We decided to use a potentiometer to detect an analog signal and a motion sensor to detect a digital signal.


We used the RCWL-0516 Microwave Doppler Radar Motion Sensor, these are the component Features:

This Doppler RADAR module supports repeat triggers and a 360-degree detection area with no blind spot; the best sensitivity is the component side.
Supports: Output On-Off, with adjustable repeat trigger time and detecting distance by adding the SMD components to the corresponding Pads.
The input Voltage is 4-28 VDC, it can detect movement in a range of 7m.

See the technical data HERE.

A MOTION DETECTOR, is a device that contains a motion sensor that detects moving objects and transforms the detection of motion into an electric signal. A sensor is basically a device that receives a stimulus and responds with an electrical signal. The process of receiving stimuli and giving a response is referred to as sensing.

Sensing activities may include a collection of values for temperature, vibration, pulse, humidity, and other health-related information and data.

It is often integrated as a component of a system that automatically performs a task or alerts a user of motion in an area. Motion detectors form a vital component of security, automated lighting control, home control, energy efficiency, and other useful systems.

The RCWL-0516 module uses a type of radar called "Doppler Radar" to detect motion and activate proximity alerts. This radar works by emitting a microwave signal toward a target, then measuring the frequency of the signal that bounces back. By analyzing how the target's movement has affected the frequency of the returned signal.


A sensor's response can be measured using an OSCILLOSCOPE, which observes the waves or pulses generated when the sensor detects moving objects and triggers a pulse. When a high wave appears, it indicates that movement has been detected, while a low wave indicates no movement. This digital input provides logic-level information in the form of high and low signals.

Using the RCWL-0516 Sensor as a Standalone Unit we did an experiment based in this example web page, that does not requires a microcontroller or board for it, just a bread board.

Setting up the experiment requires only a few simple steps. We connected the Power supply bench to the sensor'sVIN and GND. Then, connected a small red LED to the output pin, ensuring that a 220Ω current limiting resistor is also included in the circuit. Then we connected a cable Jumper from the output pin to the Oscilloscope through a Probe set that had a Ground connection.

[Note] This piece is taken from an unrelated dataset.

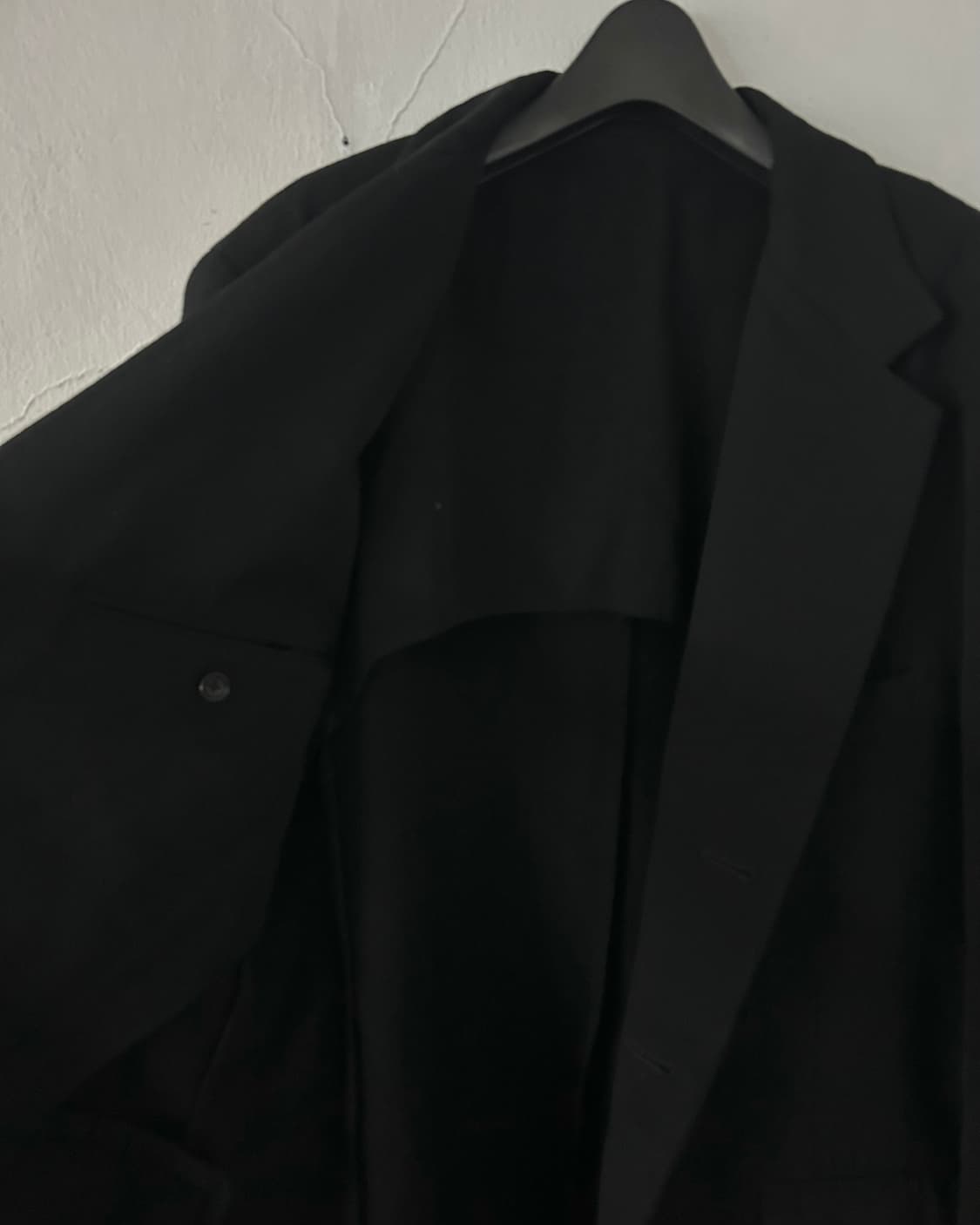 Yohji Yamamoto Ovesize Wool Blazer 상품이미지6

By observing the oscilloscope, we could see the pulses generated when movement was detected. A high pulse indicated that movement had been detected, while a low pulse indicated the absence of movement. Typically, the high pulse lasted for 2 seconds before transitioning to low, unless continuous movement was detected.



To detect the analog signal, we assembled a simple potentiometer circuit using the microcontroller board of one of our team member, Bartholomew Ting


Below was the sketch that we used:


		Servo myservo;  // create servo object to control a servo

		int potpin = D0;  // analog pin used to connect the potentiometer
		int val;    // variable to read the value from the analog pin
		int val1;
		int val2;
		int servo = D4; // D0 to D9 are PWM pins, D10 is NOT PWM pin
		int servo2 = D5; // 

		void setup() {
		myservo2.attach(servo2,500,2400);  // attaches the servo on pin (servo2) D9 to the servo object, min pulse width, max pulse width
		// min (optional): the pulse width, in microseconds, corresponding to the minimum (0 degree) angle on the servo (defaults to 544)
		// max (optional): the pulse width, in microseconds, corresponding to the maximum (180 degree) angle on the servo (defaults to 2400)

		void loop() {
		val = analogRead(potpin);            // reads the value of the potentiometer (value between 0 and 1023)

		val1 = map(val, 0, 1023, 100, 30);   // scale it to use it with the servo (value between 30 and 100 degree)
		val2 = map(val, 0, 1023, 30, 100);
		myservo2.write(val2);                // sets the servo2 position according to the scaled value
		delay(15);                          // waits for the servo to get there

We connected the signal pin of the potentiometer to pin D0 of the microcontroller board. We then connect two servo motors to pin D4 and D5 resepctively (the D4 servo is attached to the mouth of the cardboard panda while the D5 servo is attached to the arm). The microcontroller will read the analog signal from the potentiometer at D0 and mapped it to the servo motors accordingly. We also hooked up D0 to the oscilloscope to observe the signal received.

We then powered the circuit and can observed from the oscilloscope the analog signal changing according to the turning of the potentiometer. We also observed thatthe servo motors moved according to the signal received at D0: when the signal was at the minimum, D4 servo was at maximum angle 100° (i.e., panda's mouth was closed) and D5 servo was at minimum angle 30° (i.e., panda's arm was lowered). As the signal increased to the maximum, D4 servo's angle value started to decrease to the minimum angle 30° (i.e., panda's mouth gradually closed), while D5 servo's angle value gradually increased to the maximum 100°(i.e., the panda's arm gradually went up):

The observation was consistent with the sketch.